# [REQUIREMENT]
Only the pictures are to be left out; write out the rest of the data exactly.
BEGIN STORED DATA
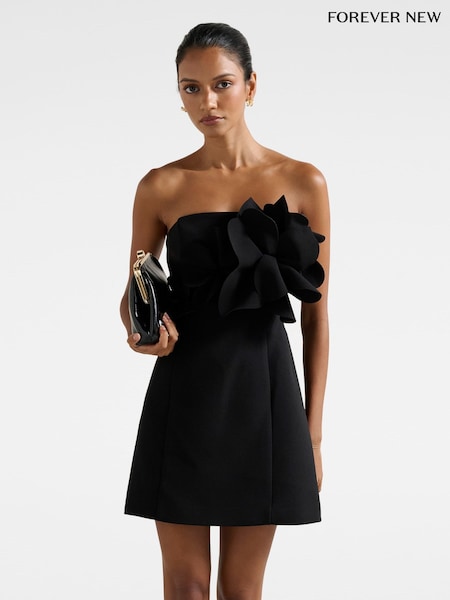 Forever New Black Tessa Petite Flower Mini Dress (H58314) | €154
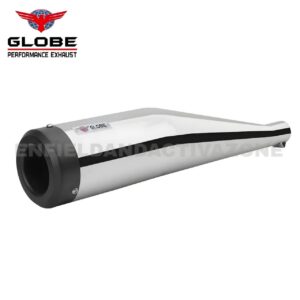Globe Exhaust Cobra Chrome Silencer for Royal Enfield Classic Reborn, Meteor 350 & New Bullet 350 | EAZ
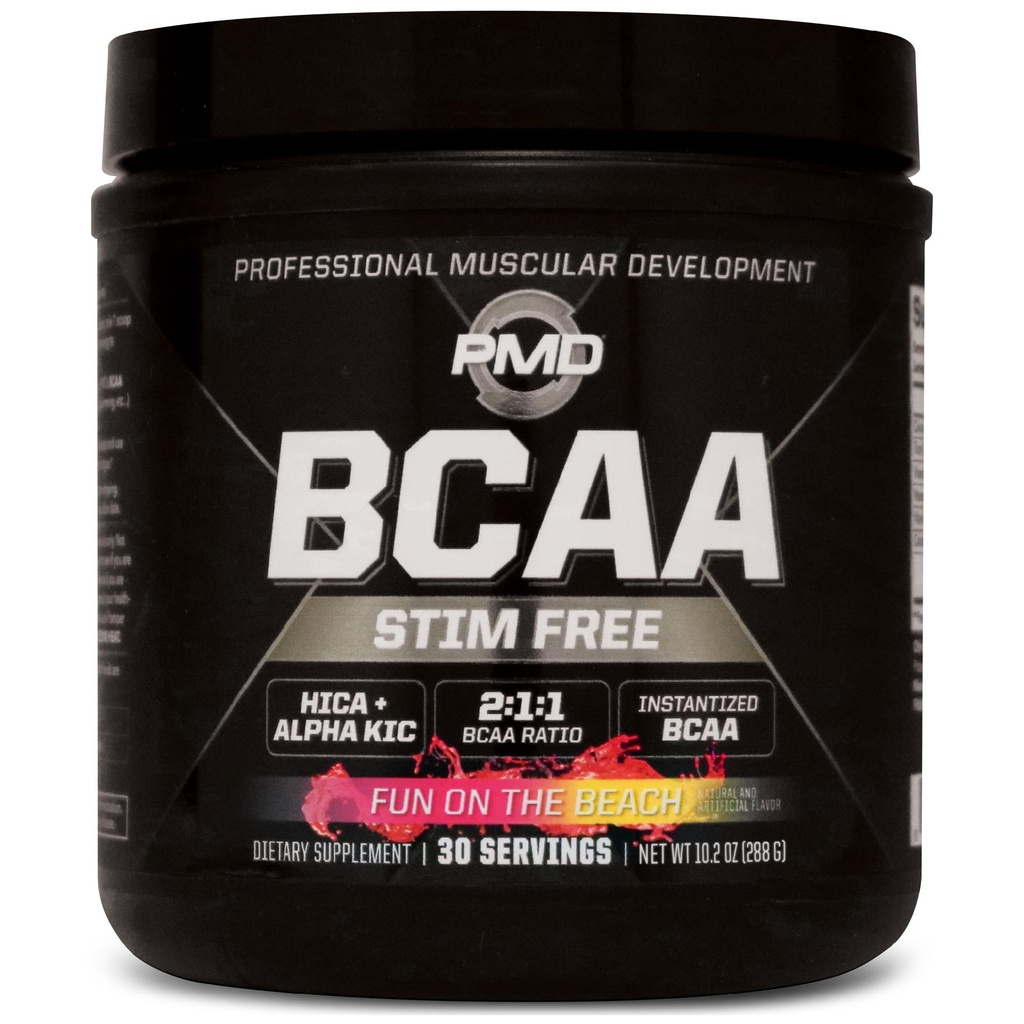 Aminoacidi Stim-Free di sport di PMD BCAA - Migliori prestazioni di allenamento, recupero potenziato, energia quotidiana, costruttore di muscoli e sparing del muscolo - BCAA Powder Drink Mix - Divertimento sulla spiaggia (30 Serve)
END STORED DATA
# [RESULT]
 Forever New Black Tessa Petite Flower Mini Dress (H58314) | €154
Globe Exhaust Cobra Chrome Silencer for Royal Enfield Classic Reborn, Meteor 350 & New Bullet 350 | EAZ
 Aminoacidi Stim-Free di sport di PMD BCAA - Migliori prestazioni di allenamento, recupero potenziato, energia quotidiana, costruttore di muscoli e sparing del muscolo - BCAA Powder Drink Mix - Divertimento sulla spiaggia (30 Serve)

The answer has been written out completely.